In his latest column, Hadley Arkes notes that the continued claims to the right of conscience in the current day are, at bottom, meaningless, because they are untethered from unchangeable, objective truths. Today, under the banner of conscience, people can claim a whole host of different beliefs, no matter the reasonableness of those beliefs themselves.
But that is precisely the problem.
We tend to relegate things that once could be judged right or wrong, justified or unjustified, to the realm of mere belief. This creates a system in which, in the words of Justice Scalia, "each conscience is a law unto itself." We forget that the law can judge on the legality of a widow throwing herself onto a funeral pyre because of religious obligations. Could one reasonably kill one's own child and be protected from the force of law simply because they claimed to act out of religious duty?
Arkes explains here the original grounding of the right of conscience for the Founders:
The law had a firmer clarity when it could simply take its bearings from James Madison’s understanding of religion: “the duty which we owe to our Creator and the manner of discharging it.” That Creator was of course the God of Israel, and the duties were bound up with the Laws that sprang from that Lawgiver.
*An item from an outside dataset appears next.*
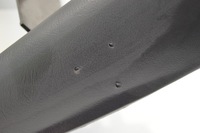 фото thumb №9, Туннель консоль средняя mercedes w140 c140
With that understanding the law was anchored, not merely in beliefs, but in truths held with conviction about the Author of the Laws of nature and the moral force of those laws. The problem before us now is just what claims of “conscience” mean when they are detached from that body of truths.Arkes closes by observing that those who are against abortion are not simply "forcing their beliefs on everyone else" as the saying goes. In an odd paradox, those who claim the banner of private belief are the secularists in this debate. Those who are pro-life are "planting in the law the premise that the right to abortion has been founded in the most grievous errors of reason." They are claiming that abortion is a wrong for anyone, regardless of any personally held belief; that it is a denial of the rights given to us by our Creator.